Obviously, a good practice is to visualize the distribution of both (train and test) datasets. In particular the target variable distribution. However, there are some other alternatives to analyze the difference between both datasets. I run into several practical strategies, which I enumerate as follows:
The caret package for R language implements two types of split: the first uses the distribution of your target variable (dependent variable). For classification problem, you can have a certain guarantee that all your classes will be present in your testset. However, all the examples present in testset could be very similar to train and their correct class prediction could be straightforward. Alternatively, the second is based on the information provided by the descriptor variables. For creating sub–samples using a maximum dissimilarity caret implements the approach published in Willett,1999. On the other hand, this last split strategy has the problem of not guaranteeing all the classes are present in your test set. As you can see, both approaches have their pro and cons and you probably will need to implement something in between.
An interesting and straightforward technique for analyzing the differences between your train and test set is to run a model for predicting whether a given example belongs to train or test sets. If the model shows high accuracy in classifying each example to the its dataset, then we can be sure they are quite different.

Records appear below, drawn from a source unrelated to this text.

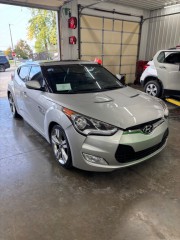 Image for 2012 Hyundai Veloster  ID: 6850937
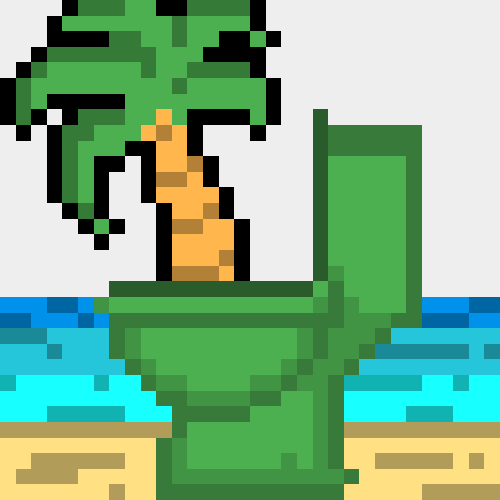 AAL_2022's tweet photo. #NFT #NFTs #NFTCollection #NFTCommunity #NFTart #NFTpolygon #Pixelart #Opensea #OpenseaNFT #CryptoPunk #LarvaLads #NFTUSA #NFTCHINA #BoredApeYC #PorcelainBuddy14 https://t.co/Am9Nz15zW7 https://t.co/ciw2bocS0n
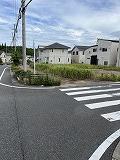 常滑市飛香台５丁目の土地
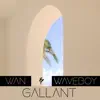 Gallant - Single album lyrics, reviews, download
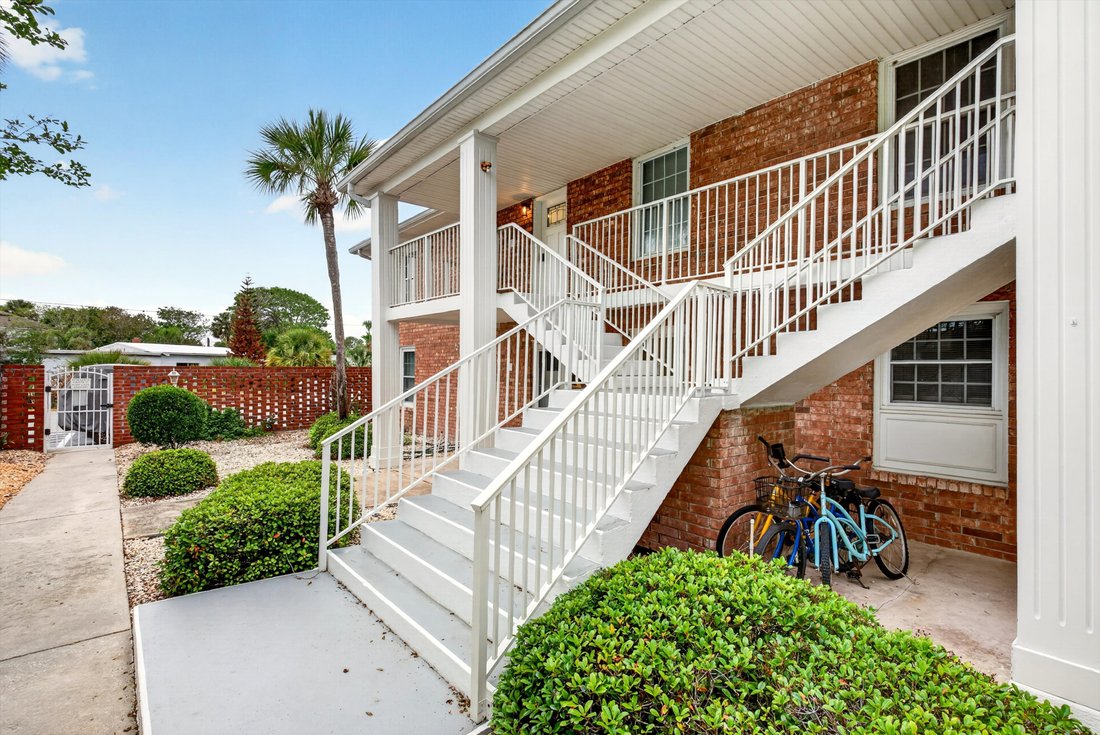 Condominio en San Agustín, Florida, Estados Unidos 4 - 17860391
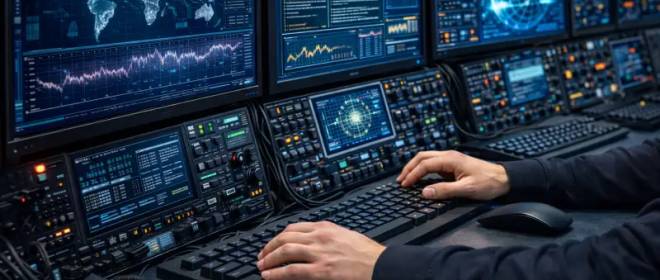 Перехват зашифрованных сообщений: Иран готов активировать спящие ячейки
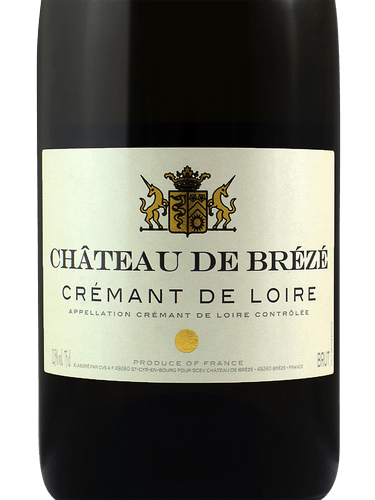 Crémant de Loire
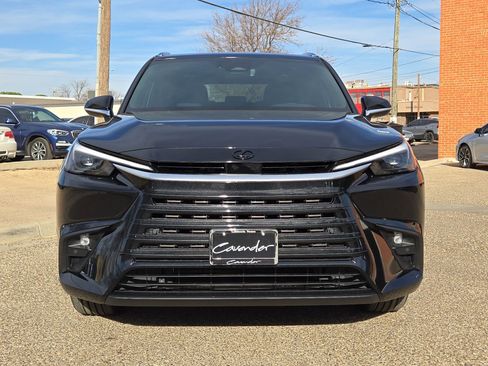 New 2026 Lexus TX 350 AWD image 10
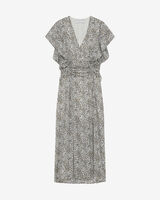 TELINE image number null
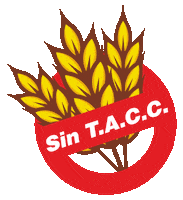 Sintacc Tacc Sticker by diegomuller.com.ar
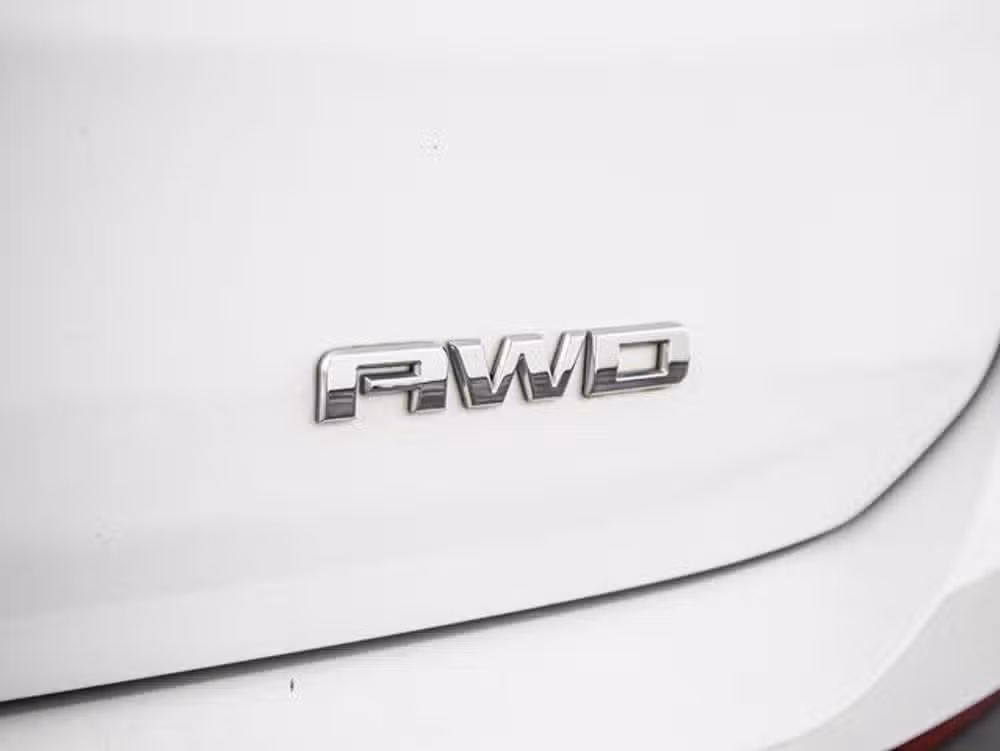 2018 GMC Terrain SLE Image 14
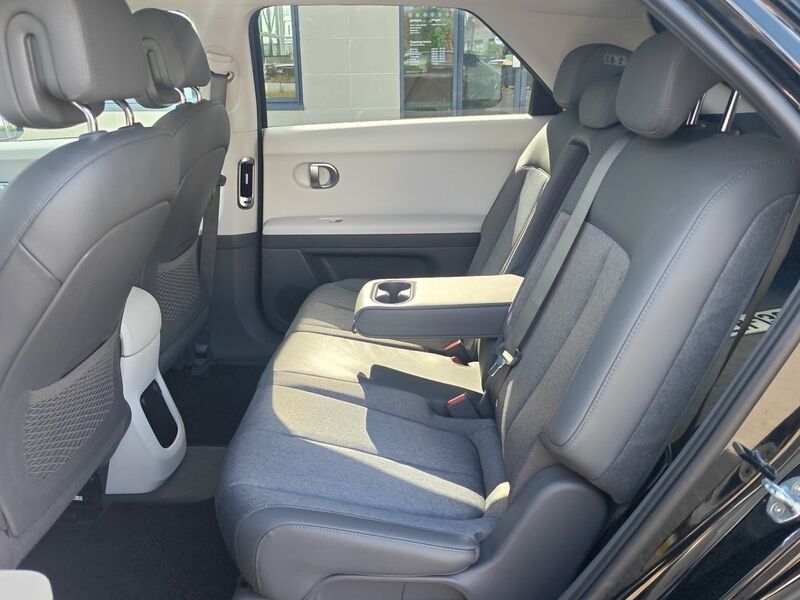 More views of Hyundai IONIQ 5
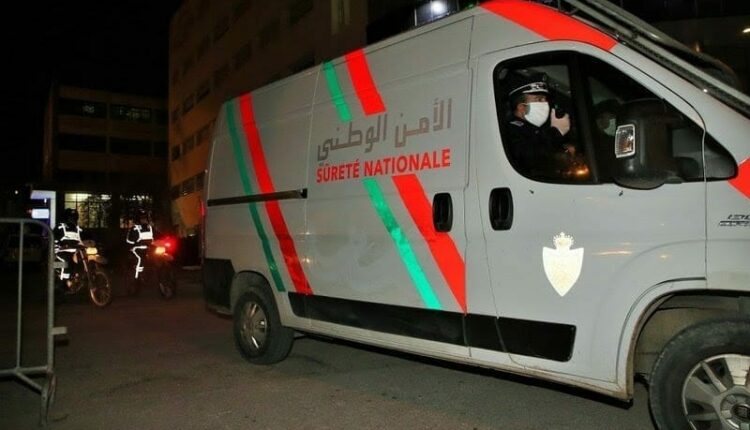 شجار بالسيوف بين زبناء وعمال مقهى بمكناس والأمن يكشف التفاصيل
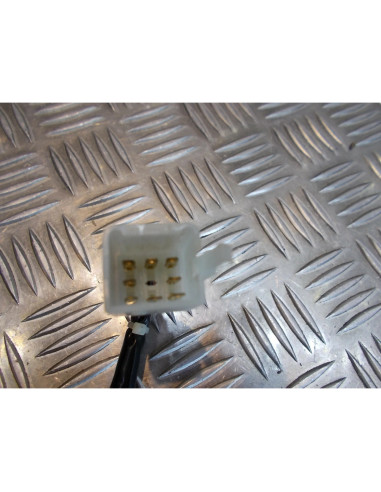 commodo commutateur gauche scooter mbk 50 booster next stunt rocket bws 2004 - 2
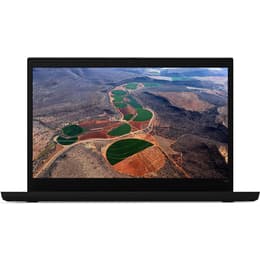 Lenovo ThinkPad L15 G2 15-inch (2021) - Ryzen 5 - 5000 Series (U) - 8GB - SSD 256 GB AZERTY - French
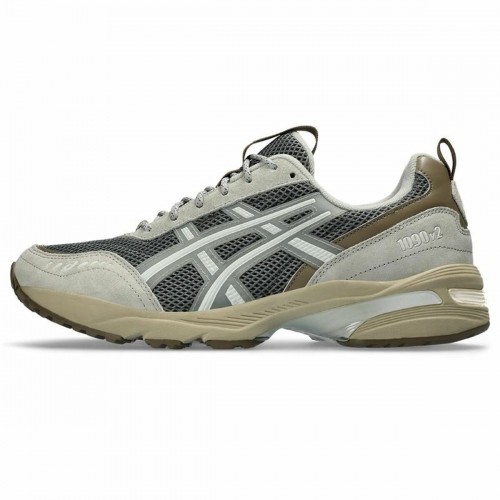 Skriešanas Apavi Pieaugušajiem Asics Gel-1090V2 Pelēks image 2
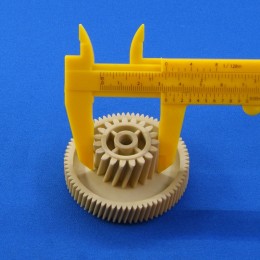 Шестерня для мясорубки Bosch, Zelmer z41.083-ZL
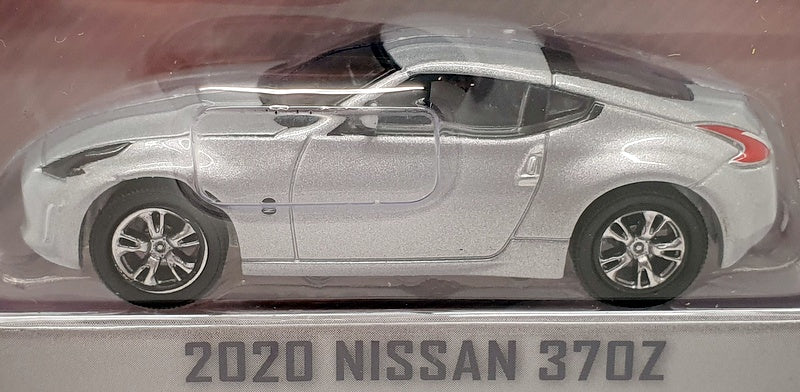 Mô Hình 1/64 GreenLight Gulf Oil Special Edition Series 1- 1971 Nissan Skyline Gt R Solid Pack Mô Hình 1/64 GreenLight Gulf Oil Special Edition Series 1- 1971 Nissan Skyline Gt R Solid Pack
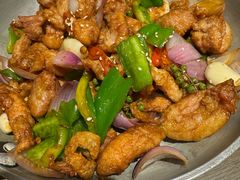 -张大嘴菜馆(庞各庄店)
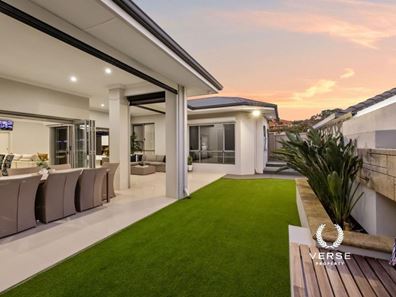 5 Warwick Street, St James WA 6102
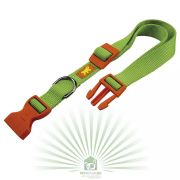 Ошейник Ferplast Club  25мм/70мм, зеленый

Another interesting approach used for classification is to do a regression analysis using the labels from training to predict the labels from test (and vice versa). Then you can use the coefficient of determination \(R^2\) to analyze the correlation between both datasets.
If you are performing some sort of cross validation, it is interesting to remember the approach suggested in the ESL quoted below:
An obvious, but often ignored, dictum is that \(Err_{cval}\) is more believable if the test set is further separated from the training set. “Further” has a clear meaning in studies with a time or location factor, but not necessarily in general. For J -fold cross-validation, separation is improved by removing contiguous blocks of \(N/J\) cases for each group, rather than by random selection, but the amount of separation is still limited, making \(Err_{ccv}\) less believable than a suitably constructed \(Err_{cval}\).
Be caution when using Cross Validation(CV)
As stated in ESL, CV provides you with an reasonable good estimator of your model performance for unseen examples. However, such estimation can suffer when you apply a transformation to your TRAINING data. The figure below shows the classical experimental design followed when you apply some kind of transformation to your TRAINING dataset. An example of such transformation could be scaling/centering your data using the maximum value for some variable present in training dataset or (UP/DOWN)sampling for dealing with unbalanced classes. In any case, it is important that the portion of your training set used for validating during the CV remains in it original state (i.e. without any transformation). Otherwise, the CV report would not provide you with accurate information and in some cases you could finish with not necessarily the best model. (Note that stablishing the best model is a whole different problem 😱 )
Again the caret package for R language provides you with a set of tools for dealing with such situation. In particular, caret discuses the problem of down/up sampling inside resampling and according to the documentation, an estimator closer to the real model performance in test is obtained when avoiding any transformation in the k-fold used for validation.
To sum up, the same precautions you have to avoid being influenced by test set information should be followed for the k-fold used for validation during the CV. Otherwise, the whole model selection process could be affected..